Below are some records; quote exactly the lines from the one that contains "Skull with headphones" through the one that contains "Walking pad treadmill", inclusive, and no others.

[DATA SHOWN — start]

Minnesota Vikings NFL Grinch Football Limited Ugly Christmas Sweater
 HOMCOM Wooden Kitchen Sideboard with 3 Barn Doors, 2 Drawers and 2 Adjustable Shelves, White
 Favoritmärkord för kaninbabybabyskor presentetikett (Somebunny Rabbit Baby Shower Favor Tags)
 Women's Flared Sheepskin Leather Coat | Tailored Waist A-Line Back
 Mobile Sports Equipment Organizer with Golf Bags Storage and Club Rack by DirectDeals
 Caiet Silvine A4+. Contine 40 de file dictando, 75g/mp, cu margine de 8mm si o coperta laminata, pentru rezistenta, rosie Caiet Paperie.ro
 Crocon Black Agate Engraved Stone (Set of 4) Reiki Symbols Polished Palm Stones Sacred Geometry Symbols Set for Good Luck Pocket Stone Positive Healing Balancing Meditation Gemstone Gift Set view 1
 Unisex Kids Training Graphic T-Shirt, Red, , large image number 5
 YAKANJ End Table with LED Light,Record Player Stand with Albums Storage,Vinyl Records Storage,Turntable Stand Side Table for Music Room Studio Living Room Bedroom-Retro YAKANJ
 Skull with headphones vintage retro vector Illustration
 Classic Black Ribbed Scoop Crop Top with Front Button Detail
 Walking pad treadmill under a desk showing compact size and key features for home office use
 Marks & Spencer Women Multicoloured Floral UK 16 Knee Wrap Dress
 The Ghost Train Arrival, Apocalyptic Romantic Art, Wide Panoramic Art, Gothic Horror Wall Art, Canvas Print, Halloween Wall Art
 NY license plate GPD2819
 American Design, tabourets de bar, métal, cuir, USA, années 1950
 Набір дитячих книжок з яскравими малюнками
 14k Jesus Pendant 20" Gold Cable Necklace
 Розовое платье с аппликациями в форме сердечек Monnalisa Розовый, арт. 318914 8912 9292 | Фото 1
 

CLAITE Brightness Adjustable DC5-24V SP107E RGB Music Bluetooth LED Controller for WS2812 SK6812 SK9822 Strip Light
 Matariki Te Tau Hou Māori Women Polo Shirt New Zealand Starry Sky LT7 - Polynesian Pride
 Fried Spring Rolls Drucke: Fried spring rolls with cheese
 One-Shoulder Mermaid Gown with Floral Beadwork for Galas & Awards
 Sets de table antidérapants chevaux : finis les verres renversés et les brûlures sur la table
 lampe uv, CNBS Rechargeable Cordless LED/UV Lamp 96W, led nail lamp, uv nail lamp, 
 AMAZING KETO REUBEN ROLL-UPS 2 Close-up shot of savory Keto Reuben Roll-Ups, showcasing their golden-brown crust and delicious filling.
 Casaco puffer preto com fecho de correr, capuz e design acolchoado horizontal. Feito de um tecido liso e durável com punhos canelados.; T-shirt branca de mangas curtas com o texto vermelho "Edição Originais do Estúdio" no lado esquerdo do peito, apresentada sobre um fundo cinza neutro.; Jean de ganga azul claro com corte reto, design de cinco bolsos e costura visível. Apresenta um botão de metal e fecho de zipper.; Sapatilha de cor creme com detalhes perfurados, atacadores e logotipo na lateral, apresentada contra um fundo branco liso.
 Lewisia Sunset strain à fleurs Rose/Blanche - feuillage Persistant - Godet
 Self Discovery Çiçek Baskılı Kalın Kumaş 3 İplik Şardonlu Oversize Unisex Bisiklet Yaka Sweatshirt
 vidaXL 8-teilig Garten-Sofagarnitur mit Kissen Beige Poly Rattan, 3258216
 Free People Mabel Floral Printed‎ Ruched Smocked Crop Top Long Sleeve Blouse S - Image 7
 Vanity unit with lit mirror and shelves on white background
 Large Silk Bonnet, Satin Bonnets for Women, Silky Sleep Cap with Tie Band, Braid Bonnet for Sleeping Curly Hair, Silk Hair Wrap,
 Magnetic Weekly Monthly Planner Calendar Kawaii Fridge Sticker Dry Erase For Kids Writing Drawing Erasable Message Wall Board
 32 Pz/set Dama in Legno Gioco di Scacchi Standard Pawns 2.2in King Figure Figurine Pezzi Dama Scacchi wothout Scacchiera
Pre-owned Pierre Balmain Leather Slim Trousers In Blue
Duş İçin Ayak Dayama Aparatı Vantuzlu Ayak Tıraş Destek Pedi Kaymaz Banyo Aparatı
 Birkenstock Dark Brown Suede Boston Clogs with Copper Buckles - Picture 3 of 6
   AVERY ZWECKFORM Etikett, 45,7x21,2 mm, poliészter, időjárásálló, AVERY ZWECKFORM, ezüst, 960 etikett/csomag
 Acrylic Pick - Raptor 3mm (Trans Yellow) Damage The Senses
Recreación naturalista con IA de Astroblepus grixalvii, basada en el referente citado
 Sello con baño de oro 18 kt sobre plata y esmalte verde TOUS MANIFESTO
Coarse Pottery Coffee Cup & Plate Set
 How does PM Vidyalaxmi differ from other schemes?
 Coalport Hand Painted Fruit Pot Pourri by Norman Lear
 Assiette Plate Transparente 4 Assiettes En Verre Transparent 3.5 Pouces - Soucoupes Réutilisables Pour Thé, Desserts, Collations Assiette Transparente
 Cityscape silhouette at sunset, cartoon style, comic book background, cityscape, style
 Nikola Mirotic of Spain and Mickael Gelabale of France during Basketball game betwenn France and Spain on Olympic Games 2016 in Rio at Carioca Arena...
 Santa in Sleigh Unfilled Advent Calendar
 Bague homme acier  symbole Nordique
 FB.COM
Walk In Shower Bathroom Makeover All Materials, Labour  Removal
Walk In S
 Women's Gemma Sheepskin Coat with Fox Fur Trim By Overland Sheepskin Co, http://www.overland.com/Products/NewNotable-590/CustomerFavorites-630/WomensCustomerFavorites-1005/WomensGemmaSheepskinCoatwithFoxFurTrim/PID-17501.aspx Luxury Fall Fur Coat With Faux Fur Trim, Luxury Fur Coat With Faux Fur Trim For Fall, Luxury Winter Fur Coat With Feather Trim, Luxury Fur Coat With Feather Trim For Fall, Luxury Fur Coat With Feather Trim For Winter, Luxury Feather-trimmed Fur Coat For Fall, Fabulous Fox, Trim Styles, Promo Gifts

[DATA SHOWN — finish]

RESPONSE AREA –
 Skull with headphones vintage retro vector Illustration
 Classic Black Ribbed Scoop Crop Top with Front Button Detail
 Walking pad treadmill under a desk showing compact size and key features for home office use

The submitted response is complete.